I have a tendecies to overachieve. To use every second of a day ‘wisely’. To find space and fill it.


But on Thursday, feeling extremely stressed, anxious and an overall sense of dread…I sat listlessly on the edge of my bed, in front of my mirror and had a chat with my self. (Call me crazy if you will, in that moment I would have too, but sometimes you’ve gotta talk it out)


I started this one sided conversation with a look at the facts of the present moment. I was safe in my beautiful home. My family was (and still is) all alive, well and thriving. There was no impending doom in sight. I have food in my fridge. I live in a safe neighborhood. I am privileged. I was going to be ok. Everything was ok.

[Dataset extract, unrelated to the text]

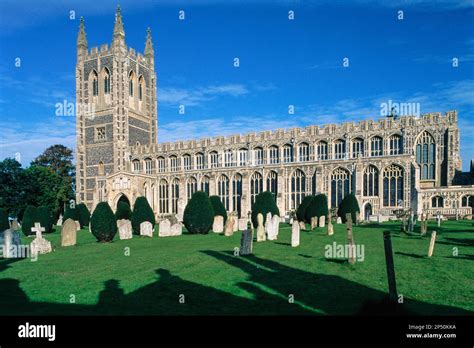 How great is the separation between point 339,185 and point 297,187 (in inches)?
177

Speaking these very real truths out loud brought me back to reality. Before ‘our’ come to Jesus my mind was a vortex of what if’s, hypothetical conversations and stories of the worst case scenarios…none of which even held an ounce of truth. Yet my body was reacting as if they was my current reality.


Our minds are wildly powerful. Just one thought, true or not, can cause a reaction within our bodies that our nervous system reacts to. (Ex: Monster in the closet = FEAR. The feeling is real, the monster is not) THIS is why our mindsets are so important.


The inner dialog is the director of our reality. Being aware of the script, taking back the control when its gotten away from us is the most powerful expression of awareness we can hone and one that I rely on heavily to bring me back down to earth when I’ve obliviously gone to outer space.


Fundamentally, you are separating the facts from the feelings of the story you are telling yourself.


When this concept was first introduced to me I had to physically write it down. I’d write out the story I was telling my self, then write down how that story made me feel, then dissected the FACTS without the feelings and then was challenged to rewrite the story to give me the outcome I truly wanted.


This system of rewriting our stories was the most powerful tool in my belt to help me through my once debilitating anxiety.


After I talked my self off the proverbial ledge, I had the realization that I was so lost in my mind and my stories that I was missing out on reality. I wasn’t fully present for my family. I wasn’t happy or enjoying any moment of life lately. And by doing so I was missing out on the beauty and abundance in my life.


So I decided to take a step back. To be consciously present. To disconnect from social media for a few days. To allow myself the space to let my brain rest and to focus on being grateful for the gifts given to me in life.


I felt better instantly but have continued to feel lighter and more effortless in my day to day.


My intension in sharing this with you is to remind you that staying a positive state of mind, one that serves your greater good and keeps you moving in the right direction, is something we have to be aware of and have to practice consistently.


Take a moment today to reflect on your inner dialogue and the stories you tell yourself. Recognize the profound impact your thoughts can have on your well-being and practice the art of separating facts from feelings, allowing yourself to rewrite the narratives that no longer serve you.